> [What the task asks]
Nothing but the lines from the one with "this year. Protesters" through the end of the listing should be reproduced, each exactly and with pictures omitted.

··· Raw data ···

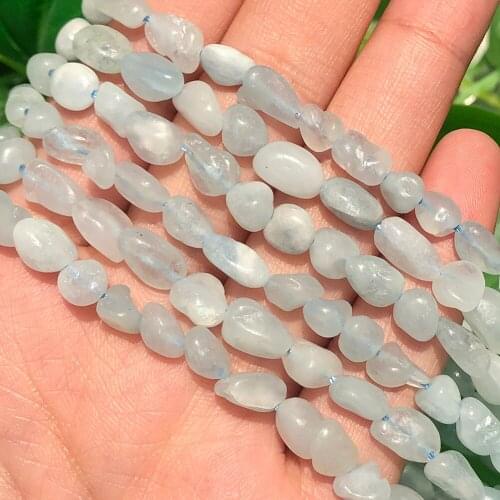5-8mm Natural Stone Irregular Genuine Blue Aquamarin Beads for Jewelry Making Loose Bead Fit DIY Necklace Bracelet 15 inches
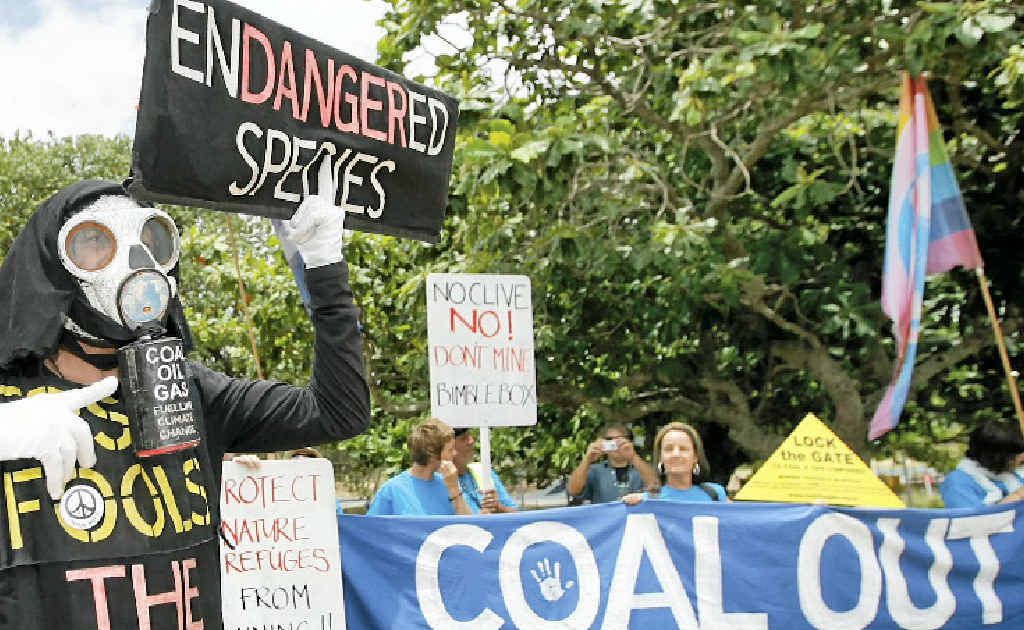 Protesters voice their opposition to a Central Queensland mining project this year. Protesters voice their opposition to a Central Queensland mining project this year.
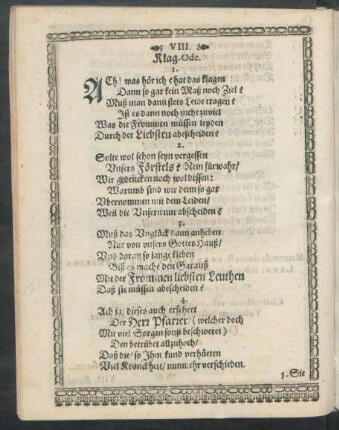 VIII. Klag-Ode.
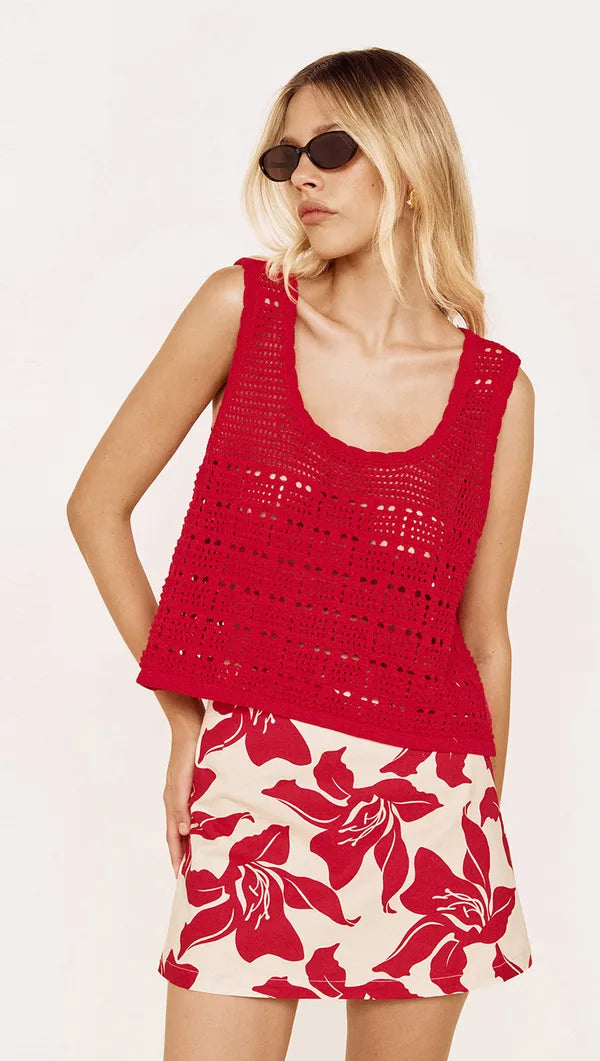 Mink Pink Anais Knit Tank | Red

···

> [Task solution]
 Protesters voice their opposition to a Central Queensland mining project this year. Protesters voice their opposition to a Central Queensland mining project this year.
 VIII. Klag-Ode.
 Mink Pink Anais Knit Tank | Red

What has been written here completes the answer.